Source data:

------------------------------------------------

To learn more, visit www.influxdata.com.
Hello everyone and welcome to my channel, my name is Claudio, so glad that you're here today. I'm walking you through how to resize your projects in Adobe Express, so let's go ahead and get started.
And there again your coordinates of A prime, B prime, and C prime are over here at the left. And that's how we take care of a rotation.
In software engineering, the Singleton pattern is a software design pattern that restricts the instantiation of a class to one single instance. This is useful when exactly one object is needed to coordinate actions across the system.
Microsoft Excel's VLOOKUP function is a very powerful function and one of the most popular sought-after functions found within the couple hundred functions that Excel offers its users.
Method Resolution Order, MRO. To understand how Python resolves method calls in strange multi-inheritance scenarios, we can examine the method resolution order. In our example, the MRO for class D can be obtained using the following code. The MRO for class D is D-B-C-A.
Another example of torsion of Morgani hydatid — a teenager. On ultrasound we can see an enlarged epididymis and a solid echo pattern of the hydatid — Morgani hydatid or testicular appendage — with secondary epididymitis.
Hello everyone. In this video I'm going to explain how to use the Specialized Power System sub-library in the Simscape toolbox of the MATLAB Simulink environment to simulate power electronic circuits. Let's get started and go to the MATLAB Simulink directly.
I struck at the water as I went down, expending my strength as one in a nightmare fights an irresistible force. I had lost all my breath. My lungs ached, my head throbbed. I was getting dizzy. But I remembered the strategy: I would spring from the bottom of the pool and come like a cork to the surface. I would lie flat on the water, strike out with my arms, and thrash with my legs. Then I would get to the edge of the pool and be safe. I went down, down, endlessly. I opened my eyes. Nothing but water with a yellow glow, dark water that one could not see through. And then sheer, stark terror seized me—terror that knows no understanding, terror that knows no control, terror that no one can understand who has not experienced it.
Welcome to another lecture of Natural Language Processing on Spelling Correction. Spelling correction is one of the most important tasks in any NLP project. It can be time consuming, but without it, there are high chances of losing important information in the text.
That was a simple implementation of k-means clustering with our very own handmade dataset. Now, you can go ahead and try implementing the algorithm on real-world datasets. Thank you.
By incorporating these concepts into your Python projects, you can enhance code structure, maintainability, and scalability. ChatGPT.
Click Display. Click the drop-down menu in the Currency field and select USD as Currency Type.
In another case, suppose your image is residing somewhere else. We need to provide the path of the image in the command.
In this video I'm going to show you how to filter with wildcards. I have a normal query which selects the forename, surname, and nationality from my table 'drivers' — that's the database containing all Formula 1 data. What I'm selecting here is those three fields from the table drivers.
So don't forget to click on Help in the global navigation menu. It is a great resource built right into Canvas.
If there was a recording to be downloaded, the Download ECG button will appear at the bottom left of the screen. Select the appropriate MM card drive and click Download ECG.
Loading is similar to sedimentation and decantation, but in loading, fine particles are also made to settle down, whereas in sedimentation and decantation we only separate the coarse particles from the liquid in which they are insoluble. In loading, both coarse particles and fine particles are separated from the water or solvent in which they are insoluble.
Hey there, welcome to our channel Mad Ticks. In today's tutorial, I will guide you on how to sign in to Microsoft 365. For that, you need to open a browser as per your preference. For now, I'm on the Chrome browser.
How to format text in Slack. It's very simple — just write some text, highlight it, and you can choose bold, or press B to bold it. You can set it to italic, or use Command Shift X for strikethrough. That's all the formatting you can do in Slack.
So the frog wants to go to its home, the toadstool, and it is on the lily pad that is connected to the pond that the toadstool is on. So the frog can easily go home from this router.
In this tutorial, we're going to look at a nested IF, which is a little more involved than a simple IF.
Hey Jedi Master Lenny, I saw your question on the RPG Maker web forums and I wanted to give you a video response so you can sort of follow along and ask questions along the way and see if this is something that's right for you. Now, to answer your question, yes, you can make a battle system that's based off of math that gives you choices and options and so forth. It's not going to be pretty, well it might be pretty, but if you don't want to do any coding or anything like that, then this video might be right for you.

------------------------------------------------

§ What you will do:
Every line with "left" in it should be copied from the entries.

§ Solution:
And there again your coordinates of A prime, B prime, and C prime are over here at the left. And that's how we take care of a rotation.
If there was a recording to be downloaded, the Download ECG button will appear at the bottom left of the screen. Select the appropriate MM card drive and click Download ECG.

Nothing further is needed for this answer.